Some of the game is told in flash back, detailing the events which led to Handmade becoming a superhero (the aforementioned drowning) and the death of his parents at the hands of the Potter (the supervillain of the piece), culminating in present day events and eventually heading to the Potter’s lair to do battle with the evil tyrant.
While Handmade himself isn’t much of a superhero, his nifty trick of changing his hand into different items is a nice one and allows for quite a bit of variety in gameplay. Type MOULD and you’re offered a choice of things you might like to mould your hand into. While I’d have preferred a choice to mould my hand into anything I felt like (a machine gun would have been useful in some of the situations), there’s a fair bit of choice on offer, sometimes you’ll even find yourself with several possibilities for mould shapes, all of which seem equally viable at the time.
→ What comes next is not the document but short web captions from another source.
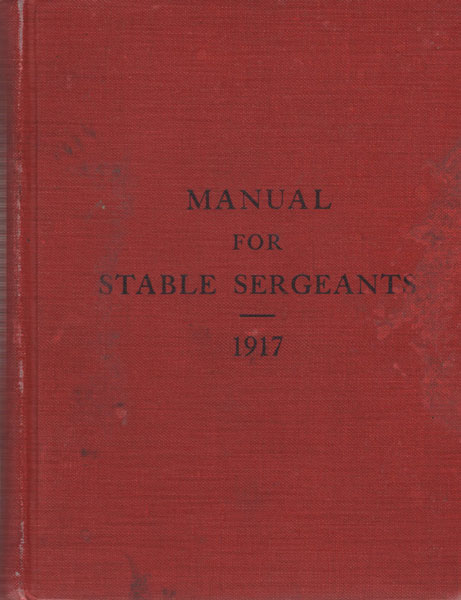 Manual For Stable Sergeants. 1917 BLISS, MAJOR GENERAL TASKER H. [ACTING CHIEF OF STAFF]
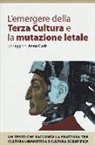 Anna Curir - L' emergere della Terza Cultura e la mutazione letale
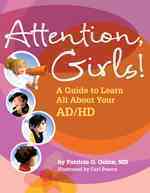 Attention, Girls! : A Guide to Learn All about Your AD/HD （1ST）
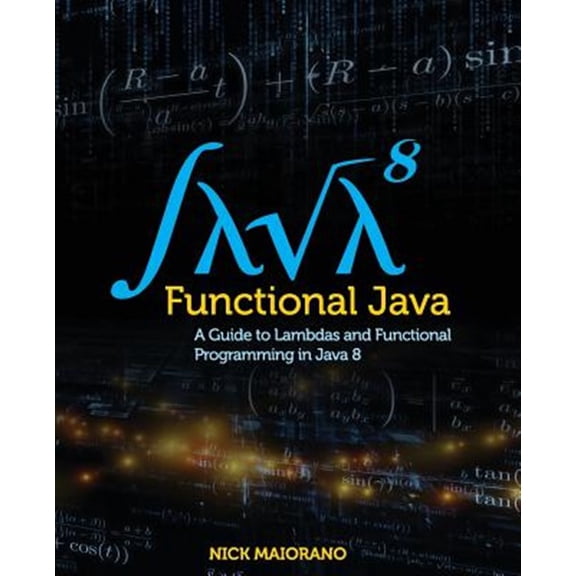 Pre-Owned Functional Java: A Guide to Lambdas and Functional Programming in Java 8 (Paperback)
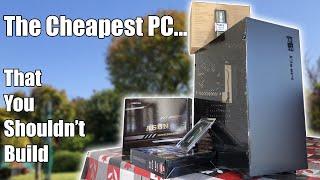 This Is The Cheapest PC You Can Build Right Now... But Please Don't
Difficulty-wise, The Potter & The Mould is a fairly straightforward game with a few puzzles scattered along the way, but little that should stop people in their tracks for any length of time. There’s only one bit I had trouble with - a fight with a shape-shifting imp - that took a while to get past due to the random nature of the imp’s attacks. Just as you can change a part of your body into different weapons during the fight, so can the imp (or its whole body actually), thus getting the better of it is often a case of bashing in one command after another and hoping something works. On the plus side, the imp’s attacks seem to cause me precious little damage so the fight itself wasn’t life-threatening, just a lengthy one to get past.
My main criticism of the game, aside from the weakness of the superhero and -villain characters, was that for the most part, Handmade never really gets to perform much in the way of superhero actions. His one power isn’t up to much and most of the time he seems to make his way through the game doing little more than the average guy in the street could do. Even when fighting a couple of supervillains attacking a mall, he defeats them by more mundane means and seldom has to use his powers. For that matter, use of the items you can mould you hand into is sometimes buggy. During the fight with the supervillains at the mall, I was given the option of moulding my hand into a number of weapons, a bat and a whip being two of them, yet trying to hit my enemies with these items never got me anywhere.
The only other negative aspect of the game was that it was a little too linear for my liking. I would have preferred to explore a bit and maybe work my way through the various aspects that make up the game. Still, there’s a fair amount of freedom in the areas you can explore so it’s hard to claim the game is too linear.
Overall I liked this game and rated it as my favourite in the Spring Thing 2006. I’d look forward to a similar one but, preferably with a superhero who is really super.